This post has been updated with information about a possible protest.
This post has been updated to note the screening was pulled.
This post has been edited to clarify the relevant Twitter account.
According to The Hollywood Reporter, Fairfax Cinema—the rebranded Cinefamily entity—will open next week with a 35mm run of “Uncut Gems,” the new Safdie Brothers movie starring Adam Sandler. Yet inaccuracies in THR reporting left readers scratching their heads, and roiling anger over the Cinefamily scandal spilled into social media and may have caused the filmmakers to rethink their plans.
The THR article inaccurately repeats the Harkhams’ claims that Fairfax Cinema is a “new… venue” unrelated to Cinefamily, and that the Harkhams were merely Cinefamily’s “landlords.” As this website has reported, from day one the Harkhams had full effective control over all Cinefamily operations, finances, and governance.
(This website initially suspected THR had been pranked by one of the many Fairfax Cinema parody accounts. It seems, however, that Sammy Harkham did actually describe his inspiration for the neon sign as coming from “Russian graffiti from 1991 or 1992 on Instagram” and “a diagram of a certain kind of moss I saw at the Museum of Jurassic Technology.”)
Earlier on Tuesday, a Twitter account associated with filmmakers Josh and Benny Safdie had tweeted about the Fairfax Cinema run. Later that evening the tweet was deleted, leaving plans for the L.A. screening unclear. Some on social media pointed out a personal relationship between the two sets of brothers, while others pointed to an infamous incident at a 2017 Cinefamily screening of the Safdies’ film Good Time.

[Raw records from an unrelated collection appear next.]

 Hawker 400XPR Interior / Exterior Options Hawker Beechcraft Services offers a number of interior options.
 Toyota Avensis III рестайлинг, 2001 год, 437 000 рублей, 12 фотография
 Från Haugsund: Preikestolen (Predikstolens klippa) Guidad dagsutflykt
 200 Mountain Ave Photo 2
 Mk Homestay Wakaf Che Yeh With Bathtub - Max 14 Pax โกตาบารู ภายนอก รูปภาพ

On Wednesday morning, this website received an unsolicited email from “a former Cinefamily volunteer… interested in organizing a protest of the new rebranding of the theater.” We will continue to track any such developments.

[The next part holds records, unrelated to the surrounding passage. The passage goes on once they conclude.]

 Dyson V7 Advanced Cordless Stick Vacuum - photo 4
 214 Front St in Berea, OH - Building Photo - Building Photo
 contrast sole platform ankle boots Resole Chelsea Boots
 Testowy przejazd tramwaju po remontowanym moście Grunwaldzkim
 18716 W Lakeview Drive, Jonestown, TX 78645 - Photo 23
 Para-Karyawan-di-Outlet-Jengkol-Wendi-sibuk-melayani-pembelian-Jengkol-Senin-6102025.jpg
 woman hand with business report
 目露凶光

It is not clear how Fairfax Cinema plans to operate legally. They have no certificate of occupancy for the recent renovations. They have claimed food service operations, yet have no food service license. They have claimed alcohol service, yet have no alcohol permits.
This is not the first planned opening for Fairfax Cinema. Earlier this fall, preliminary announcements of a November soft opening (screening Zia Anger’s “My First Film”) appear to have led nowhere.
This website has reached out to the Harkhams for clarification. We have also reached out to A24, the studio releasing Uncut Gems.
UPDATE: Late Wednesday afternoon, the L.A. Times reported the screening was pulled:
The film’s distributor, A24, confirmed the movie would not be playing at the theater and that the Safdie brothers would not be programming a series there.
Theater owners Daniel and Samuel Harkham said in an interview Wednesday that they still plan to open on Dec. 25, but had not yet finalized the programming.